Мирча Элиаде - Испытание лабиринтом: беседы с Клодом–Анри Роке
— Это было видно! Я видел страх в его глазах, видел, как он испугался ребенка. Этот громадный, редкой красоты ящер испугался ребенка. Удивительно.
— Вы сказали, что дракон был очень хорош, потому что это была самка или андрогин. Для вас красота по сути своей связана с женским началом?
— Нет, я различаю в красоте андрогина и мужскую красоту. Я не могу свести красоту, даже человеческого тела, только лишь к женской красоте.
— Почему вы говорите об «андрогинной красоте» применительно к животному?
— Потому что оно было совершенством. В нем было все: грация и страх, жестокость и улыбка — все.
— Для вас «андрогин» — не пустое слово. Вы развивали тему андрогина…

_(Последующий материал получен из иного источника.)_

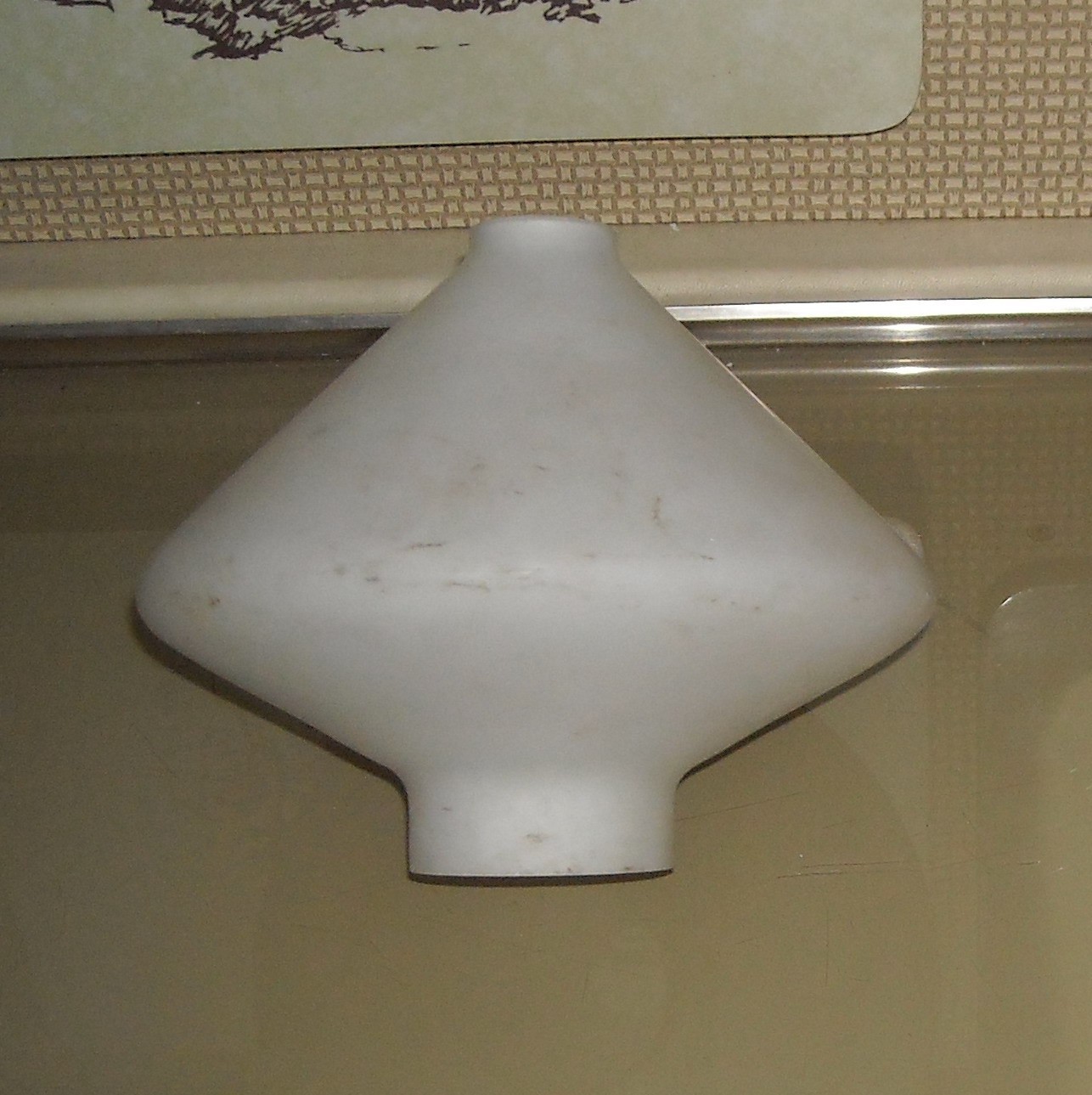 Coppa Per Lampada In Vetro Opalescente (Modernariato)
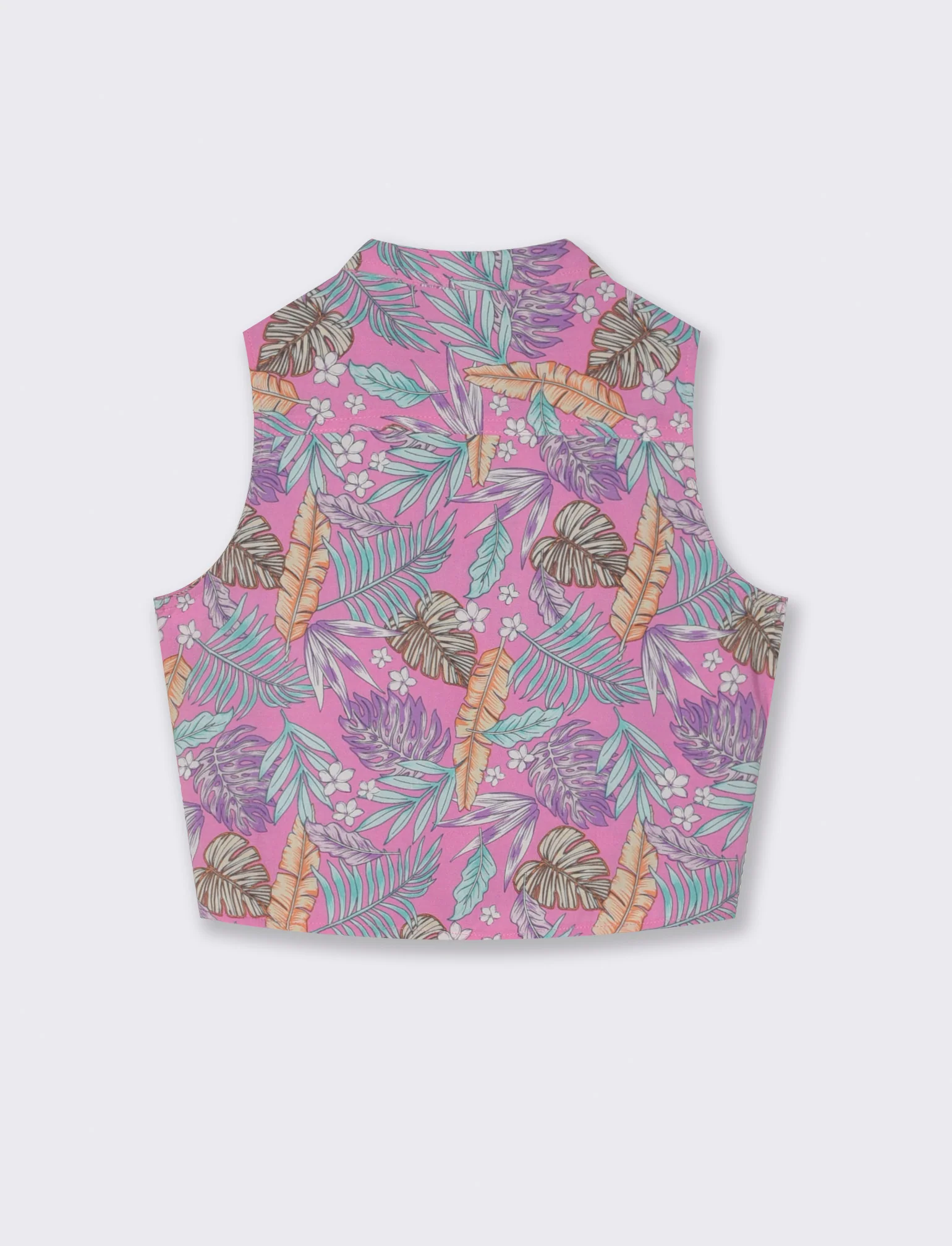 Camicia manica corta con fiocco da bambina - Fantasia - Image 5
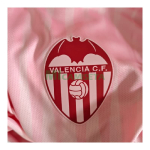 Camiseta Valencia Tercera Equipación 2026/2027 Rosa con Parche La Liga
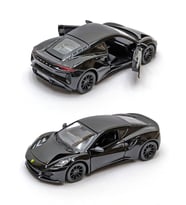 Kinsmart 1:34 Ölçek Lotus Emira Çek Birak Metal Araba (Füme)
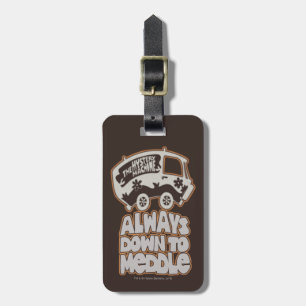 Mystery Machine "Always Down To Meddle" Bagagelabel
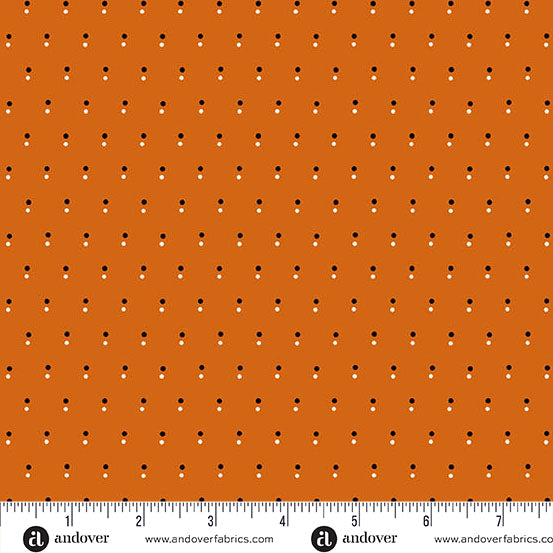 Nightfall - Shadow Dot Orange A-10206-O By Andover Fabrics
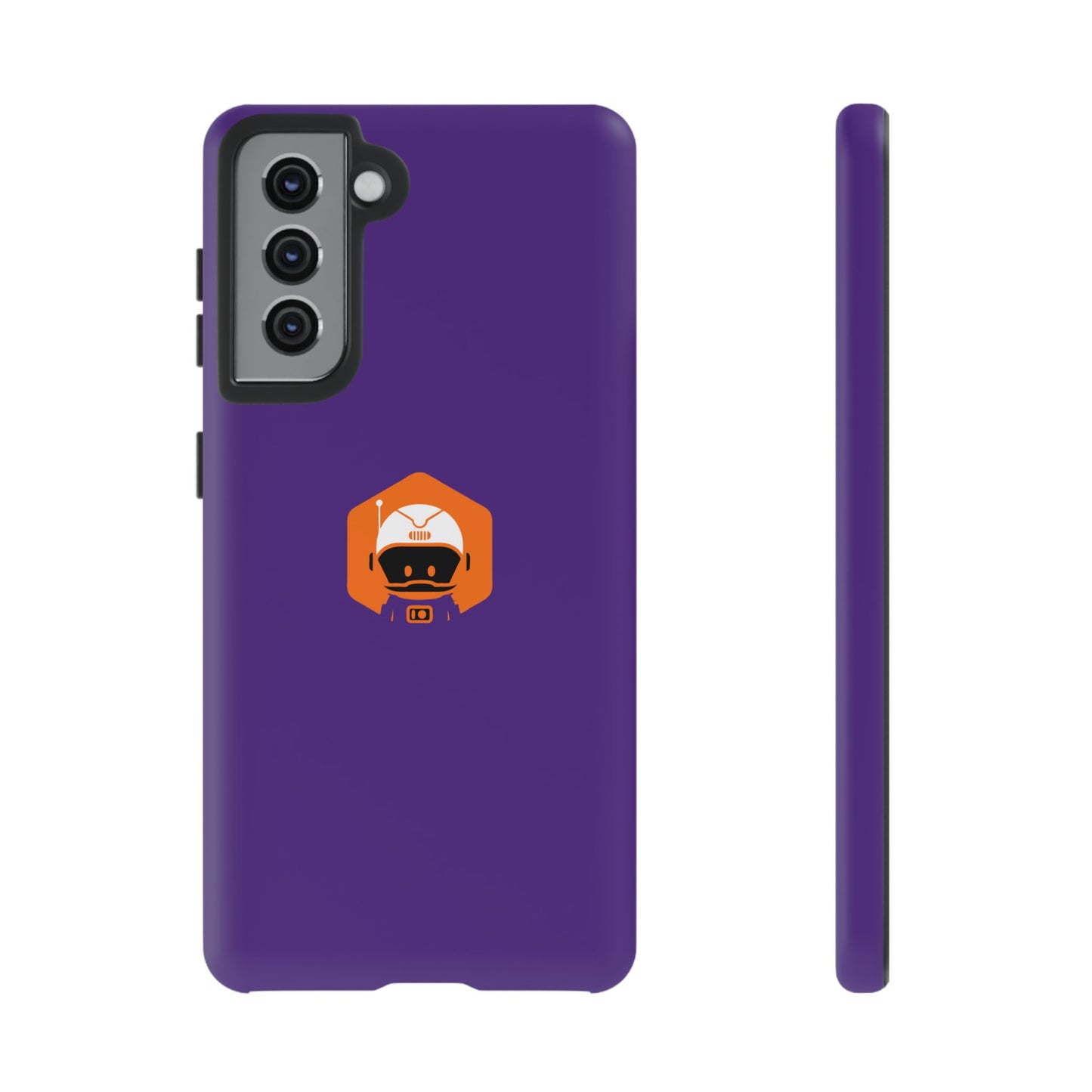 Tough Cases: Dual-Layer Durability in Bold Purple!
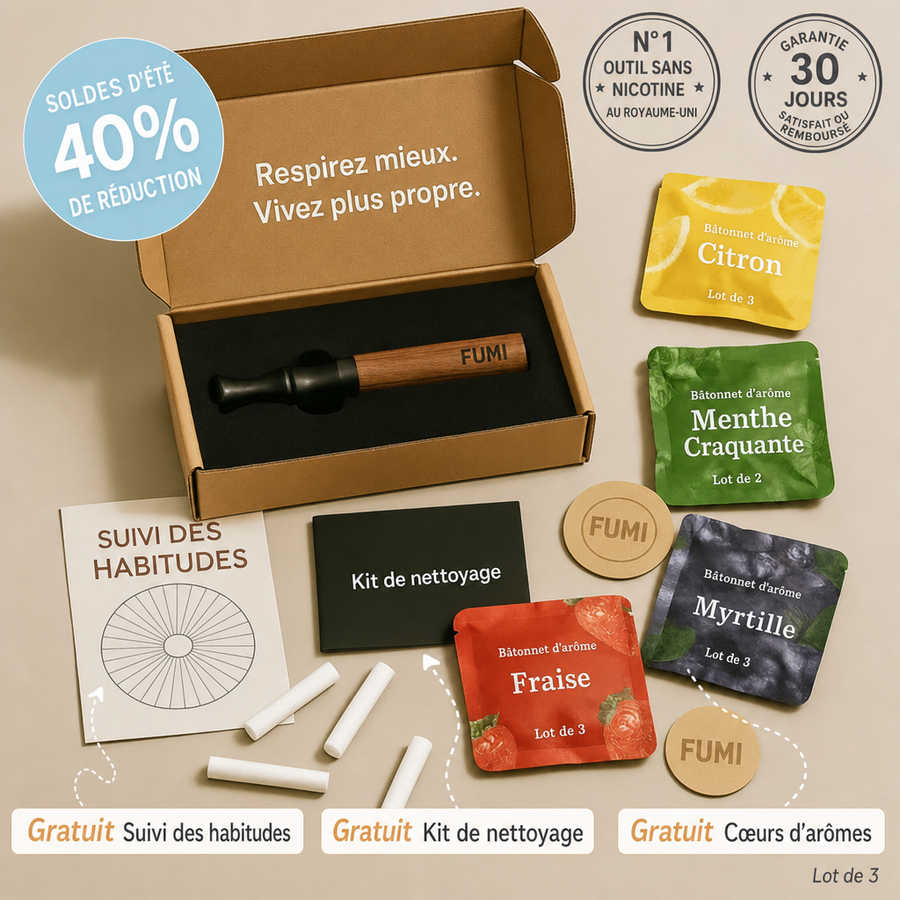 Pack FUMI complet, inhalateur et saveurs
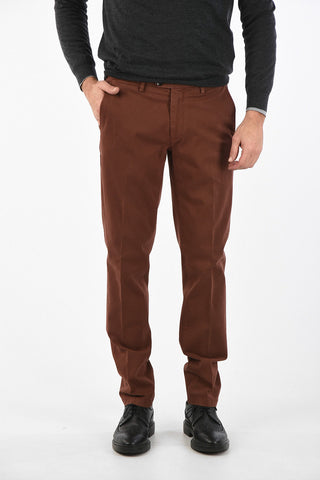 ID Pantaloni Chino in Cotone Stretch a Vita Regolare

— И всегда настаивал на том, что андрогин и гермафродит — разные вещи. В гермафродите оба пола сосуществуют. Вам известны статуи мужчин с женской грудью… Андрогин же являет собой идеальное совершенство: оба пола слиты воедино. Это особая человеческая порода, особая порода… Вот в чем дело, я полагаю. Конечно, они оба, и гермафродит и андрогин, присутствуют в культуре — не в одной только европейской, но и в мировой. Для меня лично привлекательней тип андрогина, я нахожу в нем совершенство, которое трудно или невозможно воплотить в особи разного пола.
— Нет ли тут определенного противопоставления — между звериным и божественным, — которое «структурный» анализ выделяет в Древней Греции? Не принадлежит ли гермафродит звериному, а андрогин божественному?
— Да нет, я не считаю гермафродита монструозным созданием. Это скорее отчаянная попытка создать нечто цельное. Но он не доведен до конца, недоделан.
— А какой смысл вы придаете комнате–виноградине? Почему, как вы думаете, это воспоминание осталось таким живым?
— В силу впечатления — атмосферы, райской атмосферы. Все зелено, золото сквозь зелень. Потом тишина, совершенная тишина. И вот я проникаю в эту зону, в это священное пространство. Я говорю «священное», потому что оно было совсем особого свойства: ничего мирского, ничего обыденного. Ничего от того мирка, в котором я жил: папа, мама, брат, двор, дом… Нет, тут все было совсем по–другому. По–райски. Некое место, до этого недозволенное и после снова недозволенное… В моей памяти оно осталось как нечто из ряда вон выходящее. А эпитет «райское» пришел позже, когда я узнал это слово. Религиозный опыт? Нет. Но я понял, что побывал в каком‑то совсем другом пространстве и пережил что‑то совсем особенное. Иначе меня не преследовало бы это воспоминание.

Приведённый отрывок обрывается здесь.